Se trata, como es sabido, de un proceso que se desarrolla dentro de la más absoluta transparencia, difundido en vivo y en directo por la televisión mundial y que no deja demasiado margen a dudas ni discusiones, porque está
enmarcado por un conjunto de reglas inequívocas, pensadas para que los contendientes
gocen de la absoluta igualdad de condiciones que permitirá establecer sin ningún tipo de dudas quien es el ganador y quiénes son los diez mejores, los integrantes del famoso top ten. Lamentablemente, esa envidiable claridad, debida al conjunto de reglas y límites inequívocos que regulan el tenis, no es transferible al escurridizo y neblinoso mundo del arte.
En efecto, no cuesta nada imaginar el descomunal embrollo que desataría la designación de los top ten del arte
contemporáneo, pero como todo es cuestión de gustos y de animarse, aquí va mi lista de los diez grandes maestros vivos del arte contemporáneo: Carlos Alonso, Avigdor Arikha, Fernando Botero, Lucian Freud, David Hockney, Julio Larraz, Antonio López García, Odd Nerdrum, Guillermo Roux y Tomás Sánchez.
Hay algunas aclaraciones necesarias para entender el espíritu de esta lista. La primera es que el orden alfabético obedece a la imposibilidad de establecer primacías dentro del empinado parnaso que comparten esos nombres sobresalientes. Como muy bien dijo Ortega y Gasset, los grandes pintores no son entidades comparables, porque la obra de cada uno de ellos aporta un complejo sistema de belleza y significación que es absolutamente autónomo y singular, lo que haría absurdo sostener que Velázquez es mejor que Rembrandt, o viceversa; todo cuanto sensatamente se puede afirmar es que Velázquez es el más grande de los velazquistas y Rembrandt el mejor de los rembrandtianos.
La segunda aclaración es, en realidad, una respuesta anticipada a las previsibles objeciones ante la notoria ausencia en esta lista de artistas conceptuales y pintores abstractos. Sobre los primeros basta con repetir lo que tantas veces señalamos en este blog: creer que una cama deshecha, una lata de sopa o un tiburón en formol se convierten en obras de arte por el mero hecho de ser presentados en un museo es una superstición que sumerge al mundo del arte en el irracionalismo y la estupidez.

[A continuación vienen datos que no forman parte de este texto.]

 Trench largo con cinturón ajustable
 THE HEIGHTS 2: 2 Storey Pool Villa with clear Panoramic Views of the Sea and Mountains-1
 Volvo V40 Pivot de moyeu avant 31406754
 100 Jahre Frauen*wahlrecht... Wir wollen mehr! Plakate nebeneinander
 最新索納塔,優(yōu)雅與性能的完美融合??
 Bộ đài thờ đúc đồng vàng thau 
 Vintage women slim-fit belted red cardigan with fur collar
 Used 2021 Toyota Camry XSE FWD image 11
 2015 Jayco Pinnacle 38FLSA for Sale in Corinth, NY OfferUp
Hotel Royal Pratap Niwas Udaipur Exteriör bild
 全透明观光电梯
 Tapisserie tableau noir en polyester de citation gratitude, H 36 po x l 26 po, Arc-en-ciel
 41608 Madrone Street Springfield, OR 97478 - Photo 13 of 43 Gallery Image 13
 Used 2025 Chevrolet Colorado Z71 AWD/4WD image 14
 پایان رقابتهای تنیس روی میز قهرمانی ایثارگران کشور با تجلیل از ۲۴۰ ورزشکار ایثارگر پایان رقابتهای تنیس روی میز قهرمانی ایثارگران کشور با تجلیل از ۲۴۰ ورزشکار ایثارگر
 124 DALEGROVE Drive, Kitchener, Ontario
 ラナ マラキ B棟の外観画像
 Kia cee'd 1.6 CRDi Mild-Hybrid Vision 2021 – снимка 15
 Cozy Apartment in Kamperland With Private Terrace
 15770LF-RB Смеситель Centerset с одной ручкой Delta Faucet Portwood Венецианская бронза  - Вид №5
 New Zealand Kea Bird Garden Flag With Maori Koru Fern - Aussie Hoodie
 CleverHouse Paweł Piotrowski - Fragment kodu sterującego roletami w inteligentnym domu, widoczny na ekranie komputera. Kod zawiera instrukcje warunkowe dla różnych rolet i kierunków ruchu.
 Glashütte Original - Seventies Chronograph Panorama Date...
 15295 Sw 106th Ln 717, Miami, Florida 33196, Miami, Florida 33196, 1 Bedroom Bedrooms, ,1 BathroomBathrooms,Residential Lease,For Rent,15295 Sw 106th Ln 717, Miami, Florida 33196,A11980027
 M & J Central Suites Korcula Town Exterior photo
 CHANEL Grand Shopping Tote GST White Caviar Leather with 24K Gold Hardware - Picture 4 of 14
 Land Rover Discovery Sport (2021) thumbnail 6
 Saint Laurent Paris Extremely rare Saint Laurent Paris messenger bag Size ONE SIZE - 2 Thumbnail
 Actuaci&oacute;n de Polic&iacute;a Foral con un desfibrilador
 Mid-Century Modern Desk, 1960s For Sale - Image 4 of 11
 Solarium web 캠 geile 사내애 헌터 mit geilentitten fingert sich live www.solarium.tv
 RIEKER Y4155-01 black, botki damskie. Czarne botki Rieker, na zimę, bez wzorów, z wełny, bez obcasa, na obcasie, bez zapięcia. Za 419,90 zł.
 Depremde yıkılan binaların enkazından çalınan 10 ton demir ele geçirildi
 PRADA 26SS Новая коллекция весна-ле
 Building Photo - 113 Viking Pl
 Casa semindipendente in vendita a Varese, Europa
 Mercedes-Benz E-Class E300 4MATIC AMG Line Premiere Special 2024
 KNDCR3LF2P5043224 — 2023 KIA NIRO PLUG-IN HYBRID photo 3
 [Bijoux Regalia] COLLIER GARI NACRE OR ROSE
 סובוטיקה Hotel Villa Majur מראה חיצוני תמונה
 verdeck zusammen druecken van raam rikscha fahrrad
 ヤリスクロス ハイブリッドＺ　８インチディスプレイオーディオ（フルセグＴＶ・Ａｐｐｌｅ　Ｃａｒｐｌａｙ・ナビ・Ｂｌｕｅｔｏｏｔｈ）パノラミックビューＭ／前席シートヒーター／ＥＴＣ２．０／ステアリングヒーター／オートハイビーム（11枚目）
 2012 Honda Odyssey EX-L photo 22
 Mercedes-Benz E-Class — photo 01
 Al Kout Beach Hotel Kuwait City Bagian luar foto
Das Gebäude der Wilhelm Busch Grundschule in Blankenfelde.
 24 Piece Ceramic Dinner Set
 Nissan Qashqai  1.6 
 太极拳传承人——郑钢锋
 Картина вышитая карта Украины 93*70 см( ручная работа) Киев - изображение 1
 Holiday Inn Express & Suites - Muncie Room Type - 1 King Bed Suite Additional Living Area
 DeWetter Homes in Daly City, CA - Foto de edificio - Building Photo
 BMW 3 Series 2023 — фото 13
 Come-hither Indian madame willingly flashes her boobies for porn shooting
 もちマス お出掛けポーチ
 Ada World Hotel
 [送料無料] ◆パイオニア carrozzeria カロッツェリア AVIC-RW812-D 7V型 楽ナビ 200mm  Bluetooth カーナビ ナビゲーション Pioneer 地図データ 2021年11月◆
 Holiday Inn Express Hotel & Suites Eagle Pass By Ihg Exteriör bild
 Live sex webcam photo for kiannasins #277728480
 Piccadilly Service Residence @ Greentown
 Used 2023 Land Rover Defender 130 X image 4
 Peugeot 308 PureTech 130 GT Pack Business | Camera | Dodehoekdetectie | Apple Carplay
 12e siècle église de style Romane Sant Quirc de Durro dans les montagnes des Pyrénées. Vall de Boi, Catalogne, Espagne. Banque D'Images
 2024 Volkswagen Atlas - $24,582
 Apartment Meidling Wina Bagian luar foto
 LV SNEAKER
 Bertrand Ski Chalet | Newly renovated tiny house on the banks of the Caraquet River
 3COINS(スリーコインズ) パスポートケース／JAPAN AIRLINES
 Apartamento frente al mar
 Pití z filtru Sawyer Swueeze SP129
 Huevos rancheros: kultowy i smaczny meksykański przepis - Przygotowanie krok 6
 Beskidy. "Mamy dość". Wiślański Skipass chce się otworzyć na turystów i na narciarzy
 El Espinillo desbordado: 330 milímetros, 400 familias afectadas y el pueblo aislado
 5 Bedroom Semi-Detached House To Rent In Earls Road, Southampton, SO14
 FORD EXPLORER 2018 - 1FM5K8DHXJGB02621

La pintura abstracta es una cuestión bastante más compleja: para decirlo en pocas palabras, mi opinión es que la prohibición de aludir al mundo real como medio de lograr una expresión autónoma representa una grave mutilación. La composición, el equilibrio y la riqueza del color son factores importantes en una pintura, pero la erradicación de las referencias a la realidad se salda con una atronadora ausencia de significado. Para usar un símil gastronómico, la abstracción me parece un bocado exquisitamente presentado pero carente de sabor: si aspiro a lograr una satisfacción plena necesito que el plato sea igualmente grato para la vista y el paladar, una condición que mis top ten cumplen con holgura, porque sus obras son son una magnífica conjunción de belleza y sentido.